To adjuster mixture - screw the adjuster in to richen, out to weaken. There may be a 'anti-tampering' cap in there on some carbs - just hook it out.
On some HIF carbs - predominantly used on later Ital (Marina) and Maestro A+ low compression engines - there can be a black hose looped from a port on top of the carb to manifold flange to the float chamber breather/overflow port. This is a leaning-out device for when running at cruising speed on small throttle openings. This needs removing before it's really useful on tuned Minis. Just block the flange-mounted port off, and breath the float chamber to atmosphere as normal.
Unlike the H and HS type carbs, the choke circuit is controlled internally by a special port controlled by a tapered spindle - so there's no messing about with choke linkages needed. Simply connect the cable up.
The standard Mini mechanical fuel pump is more than enough to feed the 1.75" HIF carb up to about 115-120bhp. Outputs higher than this that are to be used at maximum power/rpm for any length of time, it's advisable to think about fitting an electrical pump to ensure constant delivery at max power/high engine speeds. Required pressure is 2.7-3.0psi with a flow-rate in the order of 15-18 gallons per hour. And unless the car is being driven flat out all the time - a pressure regulator is highly advisable to avoid rough-running at idle (caused by over-rich mixture as the carb is shaken about) and flow valve seat damage.

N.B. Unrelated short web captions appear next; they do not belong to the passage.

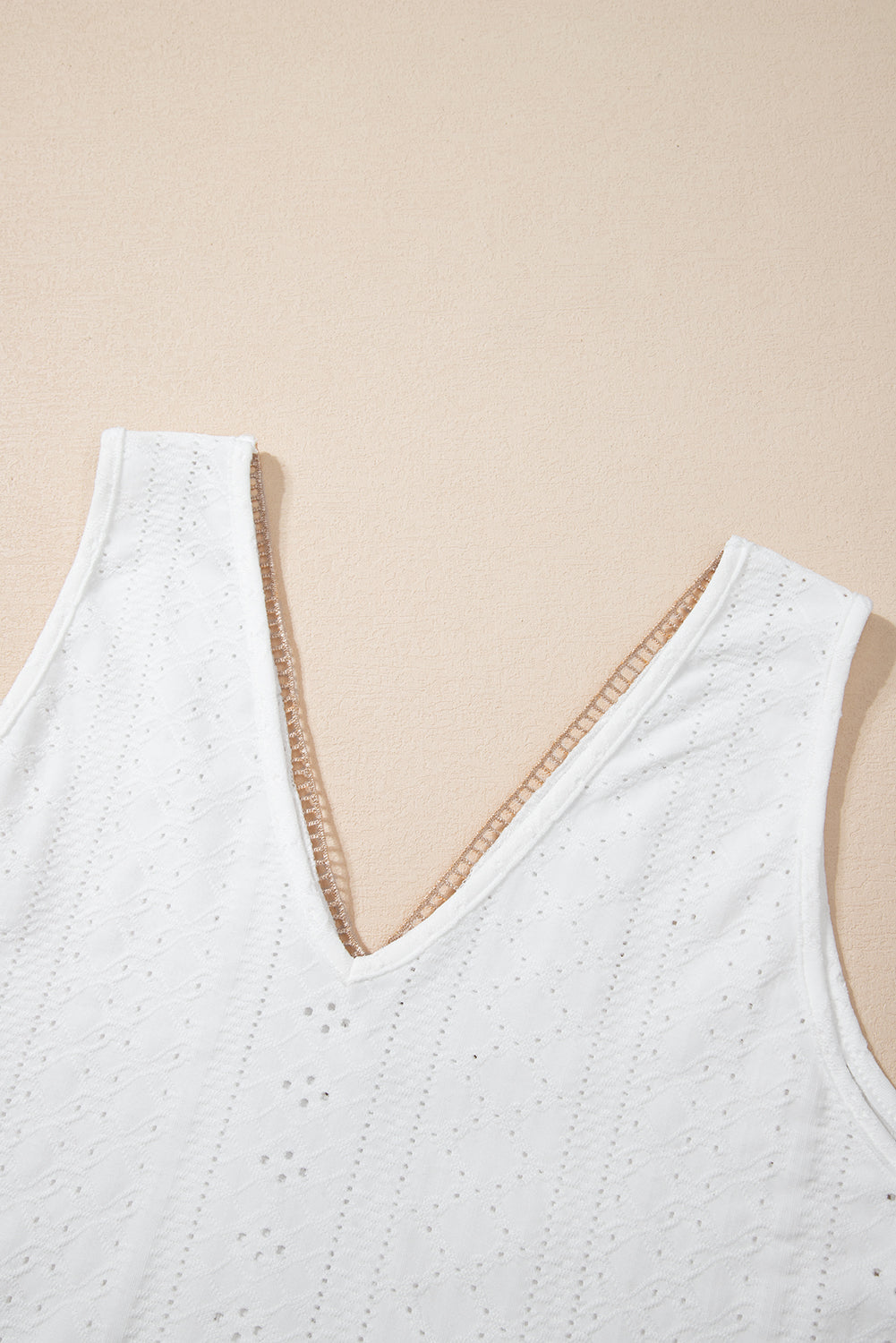 White Eyelet Strappy Scoop-Neck Tank Top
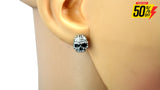 Sk2362 Small Earrings Stainless Steel Skull Embellished Imitation Diamonds Post & Nut 11Mm Tall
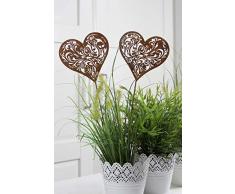 LB H&F 2er Set Gartenstecker Herz Rost Deko Design Stecker 38 cm Gross Beetstecker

Using pumps that produce higher pressures and flow-rates than this are purely over-kill and will make a regulator an absolute necessity. Get a good quality one as it'll be earning it's living!
1 - FUEL INLET PORT
2 - FLOAT CHAMBER OVERFLOW/BREATER
3 - CRANKCASE BREATHER PIPE CONNECTION
4 - FUEL MIXTURE ADJUSTMENT
Vac pipe take-off -
On some HIF carbs, the vac take-off sighted just after the butterfly - that's between the butterfly and the carb to manifold mounting flange - has been eliminated. Instead, the engines these carbs are fitted to use a vac take off in the manifold. The reason for this is again wholly idle emissions orientated. The higher vacuum that exists in the manifold area can be used to pull more ignition advance. Theoretically this will reduce emissions at idle. Unfortunately it's exposed to induction pulsing. In the A-series, this is UGLY. The pulsing and high manifold vacuum causes rough idling. Particularly where anything 'sportier' (ANYTHING) than a bog-stock-standard cam profile is used.
Classic example - the MG Metro. Its adventurously sporty cam makes for a slightly lumpy idle. This increases idle speed emissions, so Rover use manifold-sourced vacuum to increase idle speed ignition timing via the vac advance. We're talking 28 degrees of ignition timing here! Doesn't work because the pulsing created by the cam causes erratic ignition timing, culminating in running on. So an anti-run-on valve was fitted as a modification. Vicious circle. After messing about trying to solve the emission problems this caused, it was found that changing the originally quoted valve clearances to 0.014"inlet /0.017" exhaust (effectively reducing the cam over-lap) helped dramatically. And, like I said earlier, the sportier the profile, the worse it becomes. Even worse - when running, this system can cause ignition advances in the order of 50 degrees on lift-off and on again - an absolute sure-fire recipe for savage detonation.
The solution is easy - remove the vac take-off from the manifold and fit it back to just in front of the butterfly where it should be. If you need to drill a port to accept the vac pipe take-off it needs to be sited 9/16" back from the carb to manifold mounting face, offset slightly to one side. I.e. NOT at the dead centre, or 'peak' of the butterfly bore. And usually set off away from the crankcase breather port. Usually the vac pipe take-offs fit a 1/8" diameter hole - but measure whatever you're going to use before drilling. You're looking for an interference/air tight fit.